■ **Try it**
Copy exactly the last part of the listing below, beginning at the line that contains "After orthodontic braces" and including the final line.

■ **Records shown**

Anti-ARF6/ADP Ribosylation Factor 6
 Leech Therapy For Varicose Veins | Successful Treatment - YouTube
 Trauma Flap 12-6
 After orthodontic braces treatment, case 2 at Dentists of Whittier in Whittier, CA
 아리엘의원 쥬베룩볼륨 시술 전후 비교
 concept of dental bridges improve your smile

■ **Written solution**
 After orthodontic braces treatment, case 2 at Dentists of Whittier in Whittier, CA
 아리엘의원 쥬베룩볼륨 시술 전후 비교
 concept of dental bridges improve your smile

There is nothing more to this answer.